To avoid unexpected pain, production systems should always be built from explicit versions.
Implicit Versions are Convenient, Initially
I'm going to pick on Docker image versioning and the latest
tag here, but this
issue also applies to systems such as pip
that allow the user to omit explicit
versions. The Docker tag named latest
is a reference that points to a particular
Docker image. Typically this will be the newest version of the image
but that is not enforced, it's convention.
Regardless of where latest
points its implicit nature is the issue. An alias like
latest
is a big convenience when you are initially building applications.
Typically you don't know (or care) what version of an image you want and it makes
sense to allow the image maintainer to choose for you. However, when you move to
a production environment this is needlessly risky.
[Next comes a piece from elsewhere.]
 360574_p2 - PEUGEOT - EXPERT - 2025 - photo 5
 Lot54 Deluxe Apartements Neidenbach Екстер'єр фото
An implicit version like latest
can change without warning when your runtime
environment is launched. The convenience you received when building the
application is now a detriment.
Things Break in Sneaky Ways
Let's rewind to the original, common cry from teams that are impacted by the "I didn't change anything, it just broke™" tyranny. I am sympathetic to this because things did just stop working, but obviously, something changed. Now the fun part begins: tracking down the actual issue.
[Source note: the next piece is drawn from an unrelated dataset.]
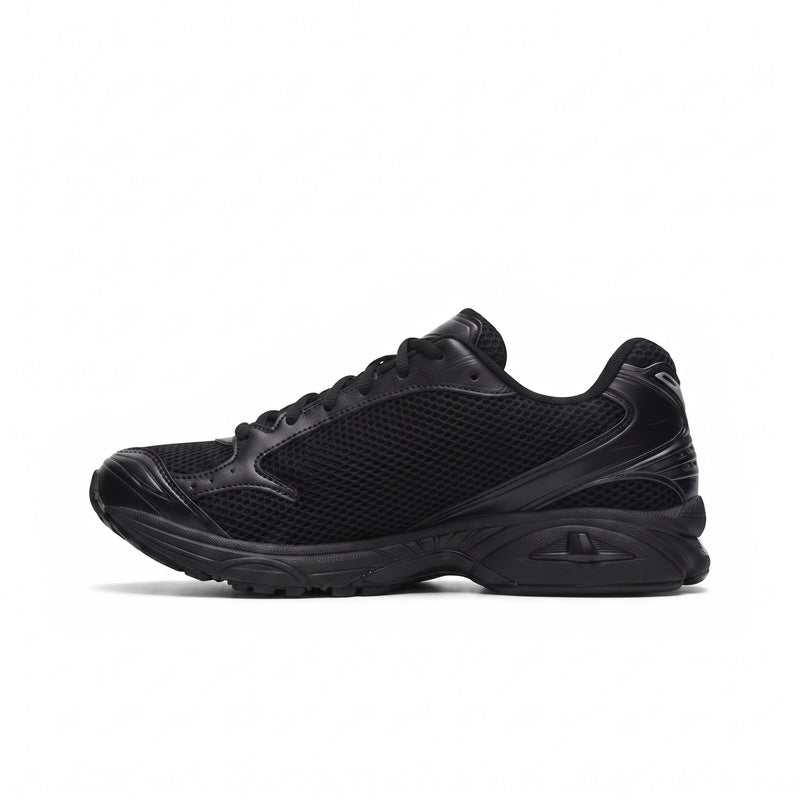 Sableau Retro Runner Sneakers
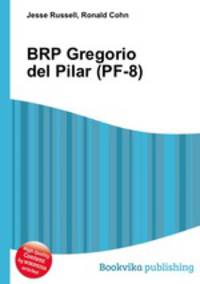 BRP Gregorio del Pilar (PF-8)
If you suspect a Docker image changed due to an update to the latest
reference, you will need to find the output of the last successful launch of
the container and compare it with the failed one. Since we can no longer rely on
the image tags for comparison, we will need to compare the image's
manifest hash. This is a bit tricky and I suggest you
read this first.
Once you understand what you are looking for, compare a successful launch's manifest hash to the hash of the broken build. If they are different you may have found your smoking gun. Now re-launch with the old hash and if things are working you understand exactly why unstable tags are evil.
How Specific is Specific?
In the case of Docker images, explicit versions can be a challenge. I'm advocating
against using the latest
tag, but then which tag should
be used? Answering this takes some thought and inspection as image tags have no
strict requirements. Let's use an example to demonstrate the process.
Let's use a Linux distribution as an example.
Ubuntu's Docker image is a perfect place to
start. Ubuntu arranges its tags with a few levels of hierarchy. At the top
are latest
, rolling
, devel
, etc. These tags are convenient but not stable
and will change frequently. The next, more specific tag is the distro name,
such as focal
or number such as 21.04
. This tag may be more stable but is
still going to change as updates are rolled out. The most specific tag
offered by Ubuntu is a release with a distro name and timestamp, such as
focal-20210723
. Using this tag will ensure the underlying Ubuntu system is stable
until the tag is changed by the consumer. This is the right amount of specificity
for production systems.
The point is, that you will have to do a bit of detective work to find the stable tag
to use in your application. Do not assume that a tag like 21.04
will remain stable
even though it seems specific.
This Seems Like a Lot of Work
It is. It can be tedious, but so is tracking down the "I didn't change anything, it just broke™" issue. The upside is we have modern conveniences such as Helm, Ansible and a thousand other tools to reduce the burden.
The reality is, if you aren't using stable versions you will have an outage related to the underlying environment mutating unexpectedly. So get into the habit of setting versions explicitly, you will sleep better at night.